BEGIN DATA

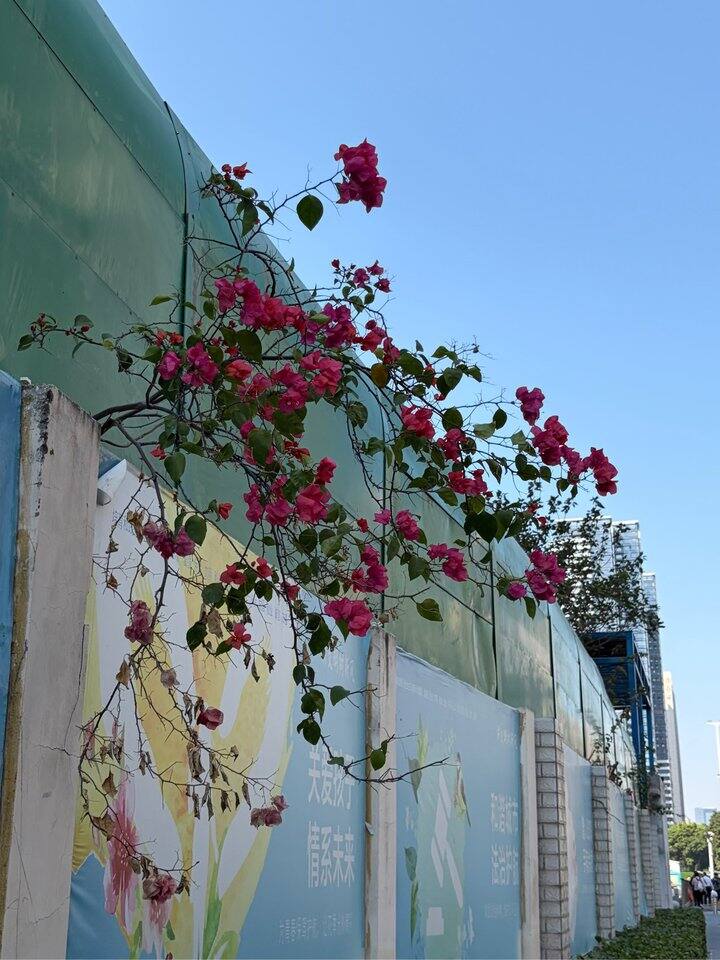 深圳的姐妹们收餐饮票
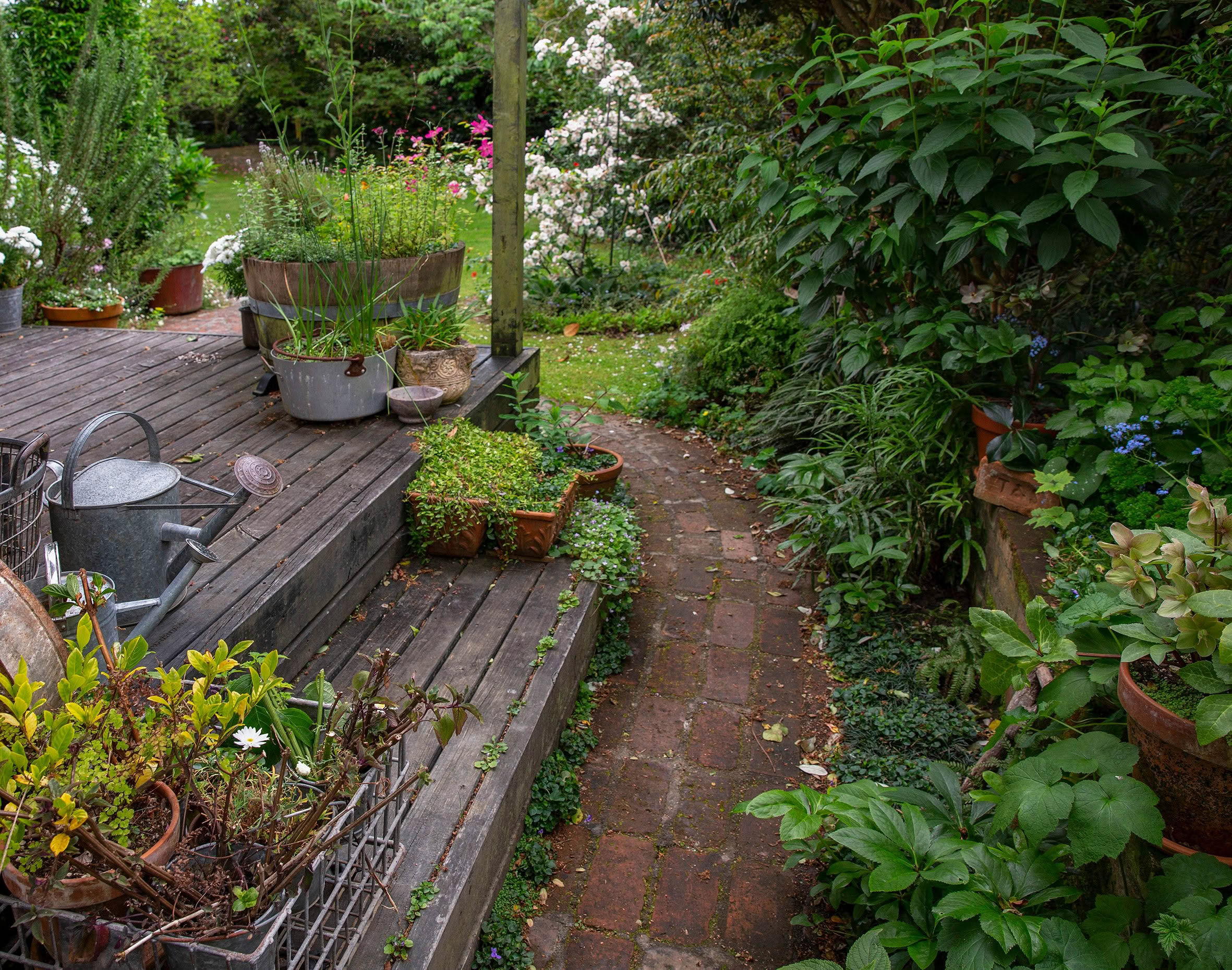 Arohanui Hospice Logo Colour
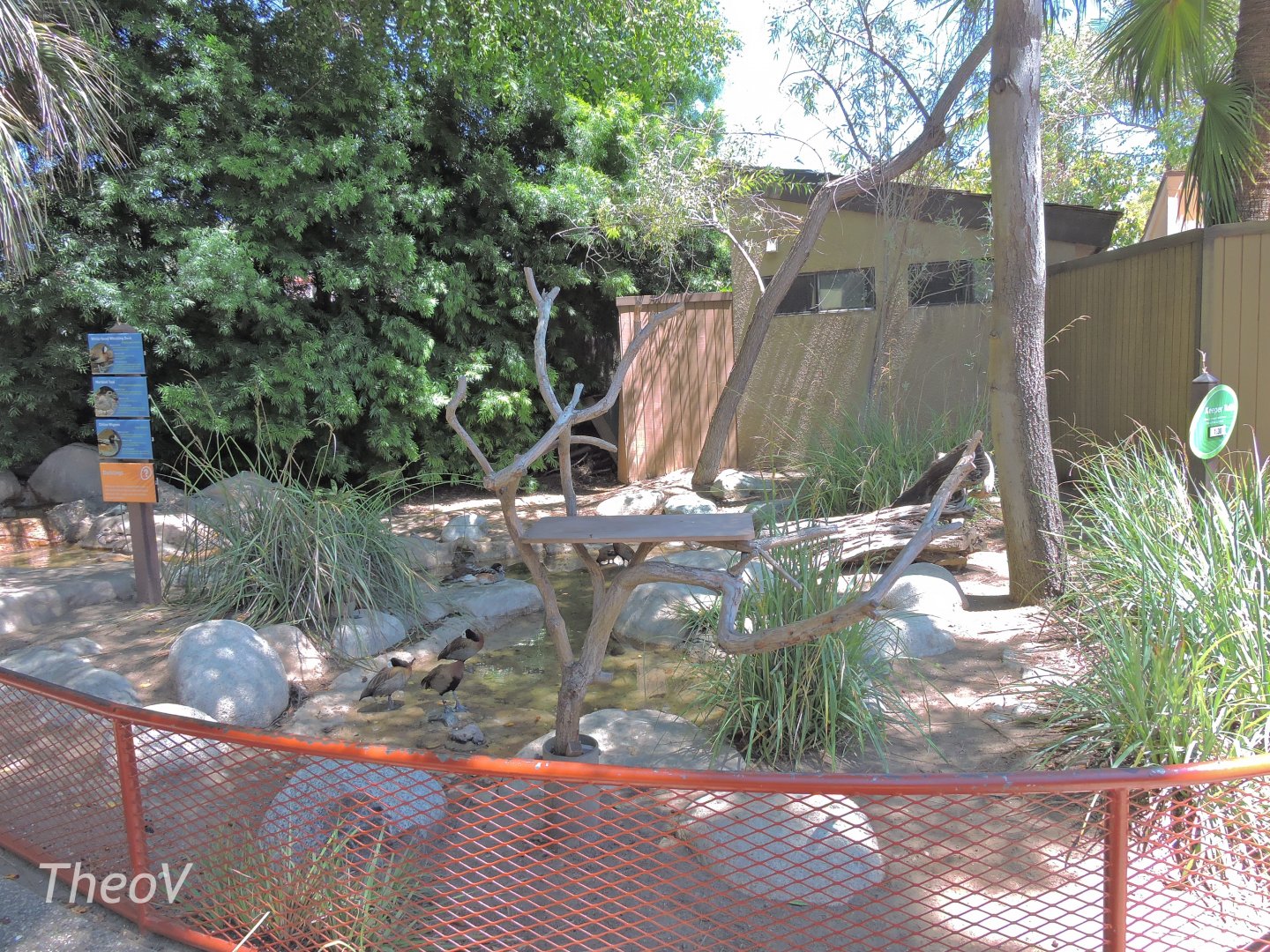 Pangolin show area - Discovery Outpost [2015]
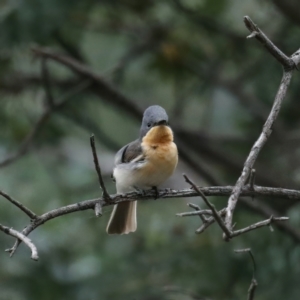 Myiagra rubecula at Majura, ACT - suppressed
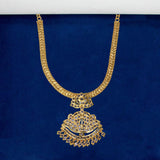 Alluring Gold Plated Adial Stone Pendant Necklace - KSupreme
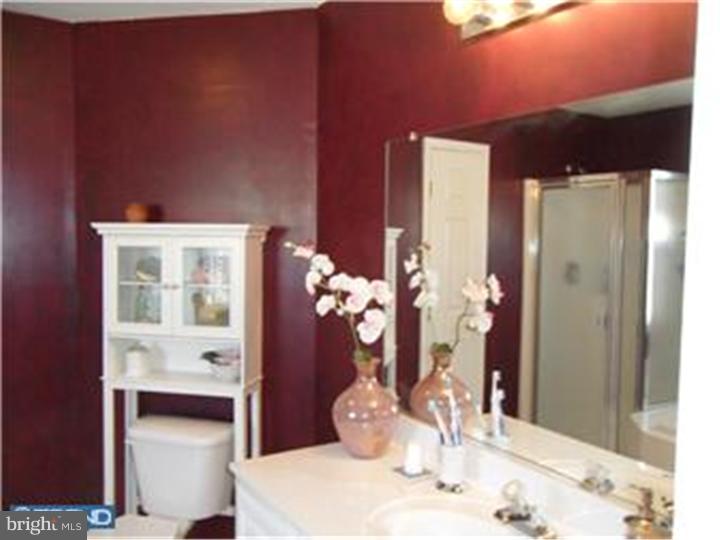 208 Raintree Crossing Hatfield, PA 19440 - Photo 12 of 23 Master Bathroom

END DATA

### [WHAT YOU WILL DO]
Every entry above is to be printed again exactly, pictures omitted.

### [TASK RESULT]
 深圳的姐妹们收餐饮票
 Arohanui Hospice Logo Colour
 Pangolin show area - Discovery Outpost [2015]
 Myiagra rubecula at Majura, ACT - suppressed
 Alluring Gold Plated Adial Stone Pendant Necklace - KSupreme
 208 Raintree Crossing Hatfield, PA 19440 - Photo 12 of 23 Master Bathroom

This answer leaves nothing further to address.